On June 28 1919, Germany signed the Treaty of Versailles, concluding five long years of warfare. Approximately 16 million people were killed and millions more wounded. European society was in ruin and the political landscape had changed considerably. Yet out of this crucible, Germany emerged stronger than ever and nearly conquered the world. World War I took a tremendous toll on all of its participants, particularly Germany. Stripped of land, money and its once powerful army, Germany was crippled. The German Armed Forces were restricted in size, recruiting, and weaponry; embarrassing a country with a proud military history.

Far worse, the country was vulnerable to attack with its debilitated army. Yet, in this context Adolf Hitler emerged as a dominant political leader. Relying on political supremacy, competent military leadership, and a regional political environment where pacifism prevailed; Hitler was able to conquer virtually all of Europe within two decades of the Treaty of Versailles. In 1932, Paul von Hindenburg, the second President of the German Reich, moved the government in a decidedly authoritarian and right wing direction.

Newly appointed Chancellor, Franz von Papen, shared Hindenburg’s desire to establish authoritarian rule and called for new elections in July. However, the President and Chancellor’s push for authoritarian rule was not strongly supported. As a result of the July and November elections, the National Socialist German Worker’s Party {Nazi Party} became the largest party in the Reichstag. Unable to form a stable government with out Nazi support, Hindenburg offered Hitler the office of Vice- Chancellor. (Wall 60) Hitler remained steadfast, arguing that as the leader of the strongest party he had the right to be Chancellor.

On the morning of January 30, 1933, Hindenburg, persuaded by German high-ranking officials, decided it was safe to appoint Hitler as Chancellor of the Reich. Adolf Hitler did not waste time in his conquest for absolute control of Germany. On the day he took the oath of office, Hitler persuaded his cabinet to dissolve the Reichstag, and scheduled the elections for early March. The burning of the Reichstag building, an alleged communist plot, resulted in the creation of the Reichstag Fire Decree, which suspended basic rights, including habeas corpus.

(Wall 67) Under the provisions of this decree, the German Communist Party and other groups were suppressed and communist functionaries were arrested.

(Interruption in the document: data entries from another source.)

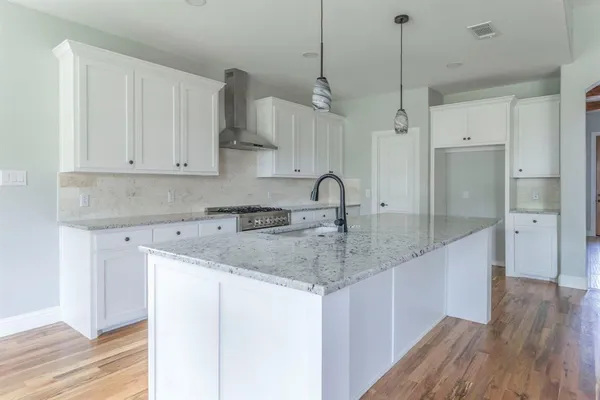 a kitchen with stainless steel appliances granite countertop a sink a refrigerator and white cabinets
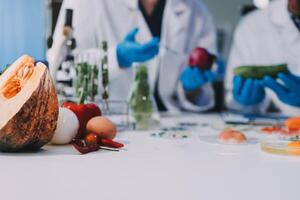 Two people in lab coats are working on a table with vegetables photo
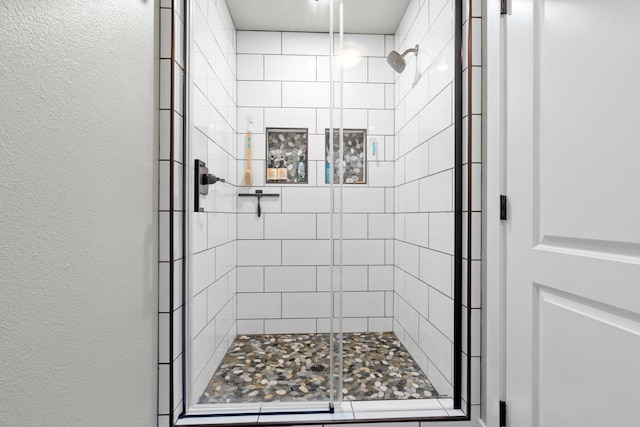 3300 Forest Hills Dr, Redding, CA 96002 - bathroom with a textured wall and a shower stall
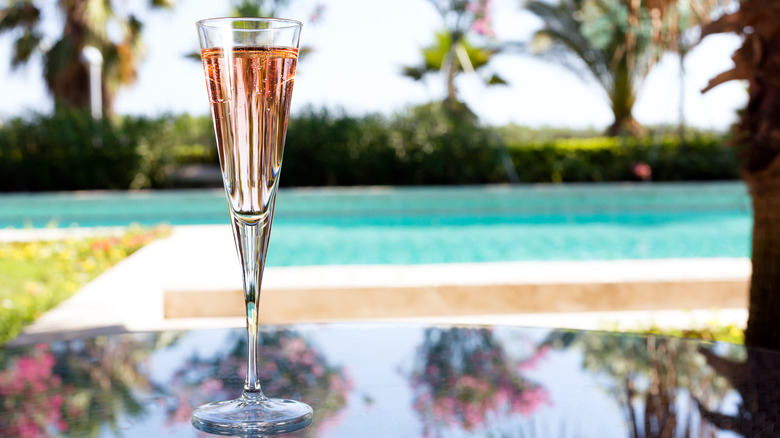 Glass of Prosecco rosé by a pool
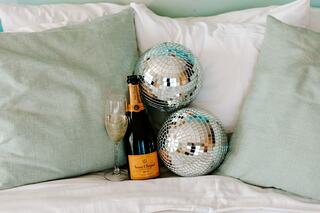 A bottle of champagne rests between two mirrored disco balls, nestled among soft, light green pillows on a cozy bed.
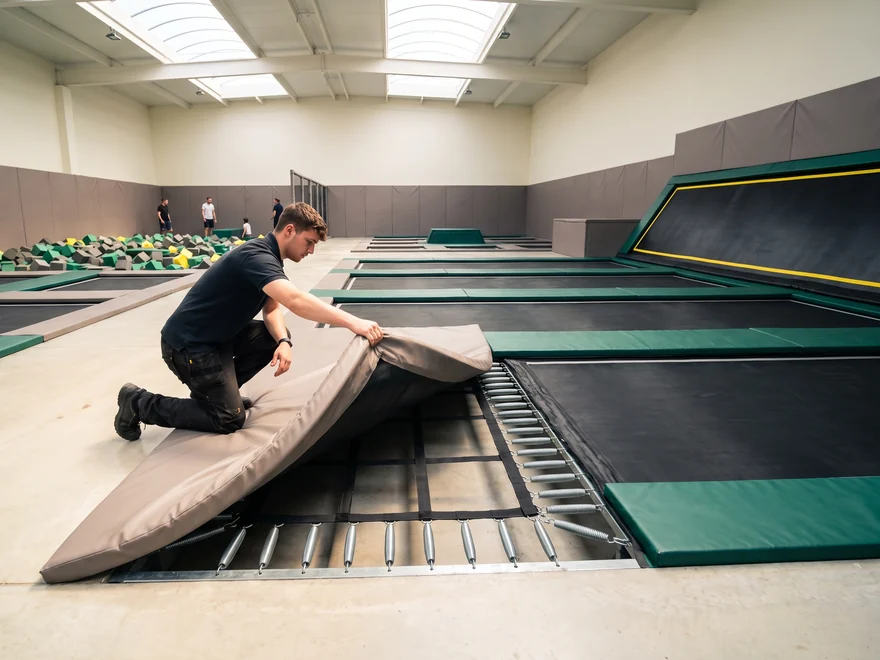 Staff member lifting a spring-cover pad to look at the springs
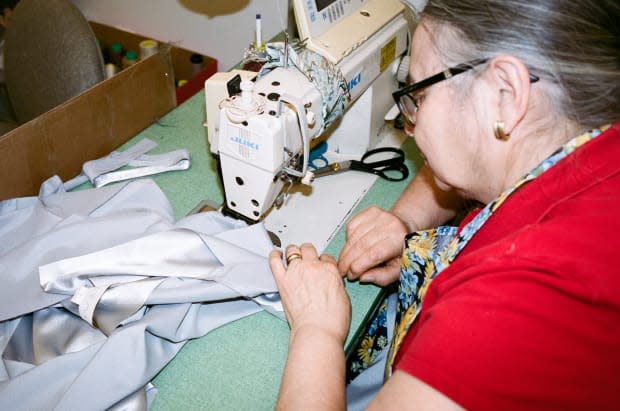 A seamstress at Ellie Mae Studios. Photo: Courtesy Ellie Mae Studios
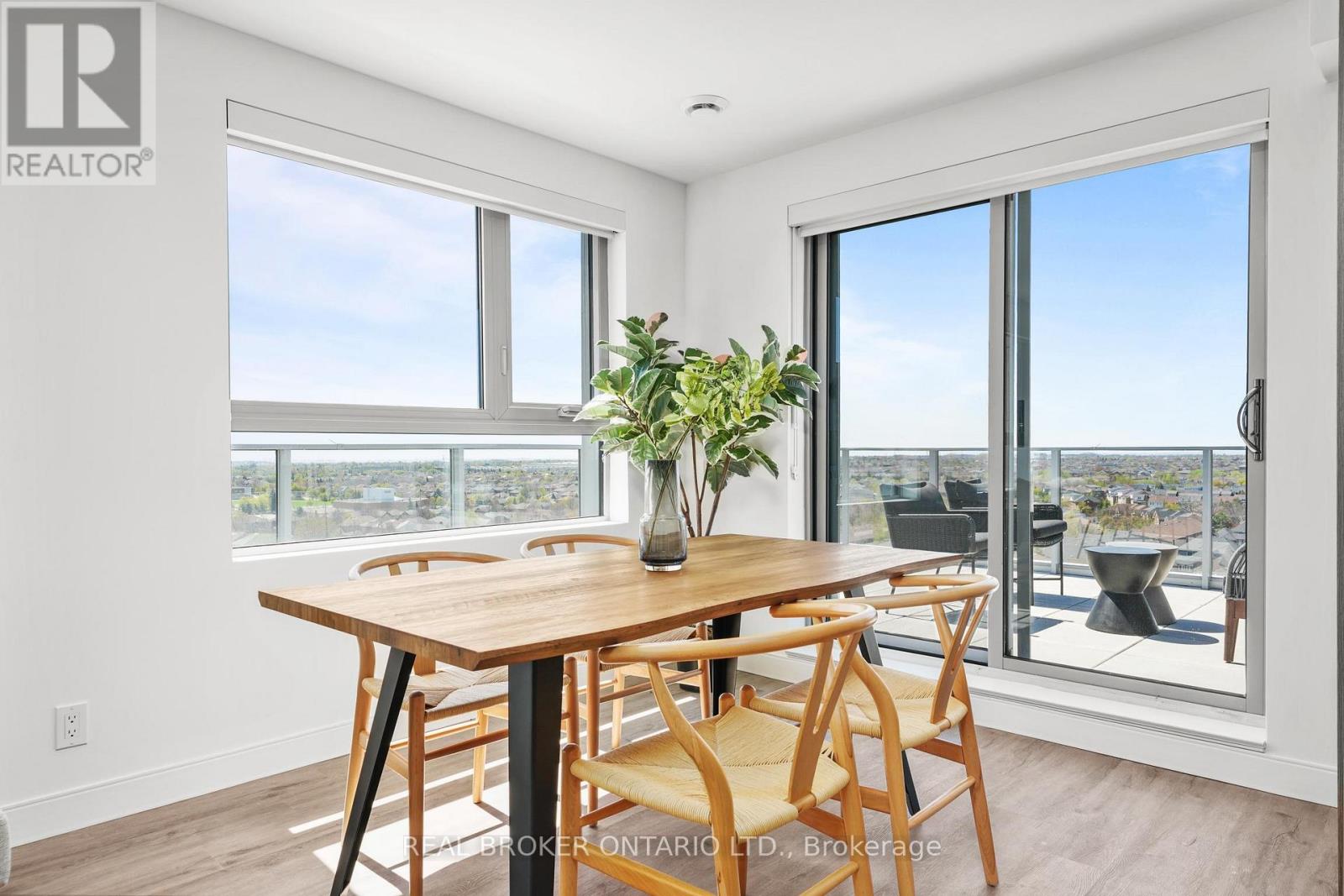 A dining room with a wooden table and chairs with a view of the city.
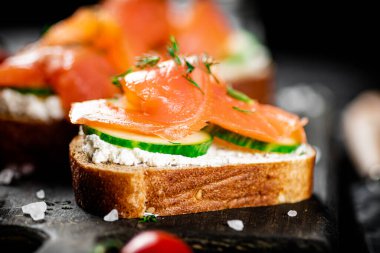 Sandwich with pieces of salmon on a cutting board. On a black background. High quality photo
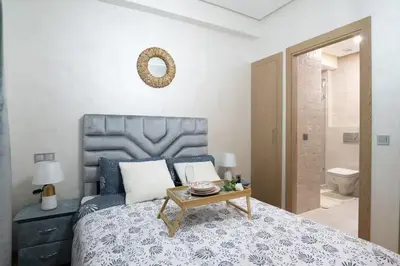 a bedroom with a bed with a table on it at Appartement 2 Chambres à Coté avec Grand Balcon, Piscine, Aire de Jeux pour Enfants et Jardin in Casablanca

The institution of the Enabling Act was the second major step, after the Reichstag Fire Decree, through which Hitler legally obtained plenary powers and transformed the German government into a legal dictatorship. The combination of legislative and executive power, allowed Hitler to suppress remaining political opposition. Hitler furthered his rise to political dominance on July 14, 1934, when the Nazi Party declared itself the only legal party in Germany.

Hitler effectively used the Sturmabteilung, widely known as the SA, to push various high-ranking officials into resigning. Yet when the SA’s demands for political and military power caused anxiety among military leaders, there was the emergence of the Schutzstaffel. Widely referred to as the SS, the Schutzstaffel became Hitler’s new personal bodyguard and instrument of terror. Hitler used allegations of a plot by the SA leader, Ernst Rohm, to purge the SA’s leadership during the “Night of the Long Knives.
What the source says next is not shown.